What is this? What is this?
What kind of life is this?
Who is the me reflected in the window?
Where am I and where am I going?
'Fighting Pose Song' (Baba Toshihide)
It would have been so much more logical if I had started out reviewing English-translated Japanese novels and then moved on the non-translated novels. No offense meant to anyone, but moving back to English does feel like taking a step back.
One of the most prolific writers in Japan is Nishimura Kyoutarou. He is famous for his travel/train mysteries, that seem like a mix between detective stories, the railway schedule and a tourist guide. Keenfully constructed alibis that make use of the detailed and complex railway system in Japan and cops who have to travel across Japan by train to investigate their cases, it's the formula Nishimura has used for many, many years now and what made him popular. He is also strongly connected with TV productions and if you're watching an afternoon rerun of a two-hour mystery drama in Japan, there is a one in a three chance it's based on a plot by Nishimura (the other candidates are Uchida Yasuo and Yamamura Misa). Wikipedia tells me he has written 469 novels as of today, at the rate of almost a book a month. Sometimes two. And yes, that does has effects on the quality of his novels. I've seen a couple of the TV dramas and read one or two of his train mystery novels, but they are usually not really that interesting (I liked the first DS game though!). But no, I am not a big fan.
In fact, the only Nishimura Kyoutarou novels I've discussed here until now were the four novels of his Great Detectives series. Not Afraid of Great Detectives, Too Many Great Detectives, Even Great Detectives Don't Have It Easy and Cheers To The Great Detectives feature the four detectives Hercule Poirot, Ellery Queen, Maigret and Akechi Kogorou in a grand murder investigation crossover. These are some early works by Nishimura and the books are out of print (also because Nishimura never bothered clearing the rights for the use of the characters), but they are 'normal' orthodox detectives and not train-mysteries at all. The series started out pretty fun but ends in a mess, but the idea is fun. Anyway, it is pretty strange to have discussed four novels of Nishimura without any of them featuring a train...
The title of The Mystery Train Disappears tells the reader everything, actually.
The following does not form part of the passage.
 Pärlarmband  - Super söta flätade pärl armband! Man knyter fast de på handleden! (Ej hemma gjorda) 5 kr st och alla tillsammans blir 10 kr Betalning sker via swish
The Mystery Train is a special train run by the Japan National Railways with an unknown destination and schedule. All people know is that they are promised an entertaining ride on a train that is to leave Tokyo on a Saturday and return the following Monday. And this sense of mystery of course attracts people. Over 8000 people applied for a seat, but only 400 passengers were lucky enough to receive tickets for this exclusive train. A day after the Mystery Train's departure, the JNR's director receives a phone call: someone claims to have taken all 400 passengers hostage and demands ransom money. At first, nobody believes this story, but a couple of a phone calls makes it clear: the Mystery Train has indeed disappeared! The train definitely left Tokyo on Saturday, but it never arrived at Tottori, one of the secret destinations of the Mystery Train's schedule. The trains that were scheduled after the Mystery Train were all running on time, so there couldn't have been an accident on the track midway. How did the kidnappers manage to get hold of a complete train and all 400 passengers?
The problem with the disappearance of a train has traditionally been that there are not many ways to make a complete train disappear. I think I've read Conan Doyle's The Lost Special and Queen's Snowball in July, and I like the latter's solution more, but let's admit, there are only so many things you can do with a gigantic heavy metal tube that usually needs some kind of rails under it to move. Nishimura's solution to the problem is interesting, but though I am no railway fanatic, even I see several problems with the way Nishimura explained how the Mystery Train disappeared. Indeed, the Japanese wiki-page for this novel even makes an explicit statement that the disappearance trick used here is not possible now and not even when the book was originally published. Which kinda kills the magic. A big problem also lies with the scale: Nishimura's trick might have worked on a smaller scale, but certainly not with a 12-wagon train with 400 passengers.
There are actually two investigations going on at the same time: one is the search for the disappeared train and another is related to the transfer of the ransom money and the latter one is actually more interesting. The criminals manage to get away with the ransom money from a running train, even though the windows were locked and every passenger searched by the police. This disappearance trick overshadows the trick of the Mystery Train as it is more believable, which could not have been Nishimura's original intent.
I am also not exactly sure whether a series detective like Totsugawa was needed in this book at all. The police and the JNR are being played with by the hostage takers throughout most of the book and in fact, the story reaches its conclusion pretty much on its own, without any real interference of the police. I am not a Totsugawa fan at all, but I can imagine that some readers might have felt unsatisfied with his portrayal, because literally any police inspector could have filled in the role of Totsugawa here.
In the end, I do wonder why this novel was selected to be translated. As far as I know, it's considered pretty average even among Japanese fans of Nishimura, so why not one of his better books? Most of the Japanese mysteries translated to English are pretty good / considered classics, but The Mystery Train Disappears does not really feel worthwile. If in need for an awesome Japanese train mystery, see Matsumoto's Points and Lines.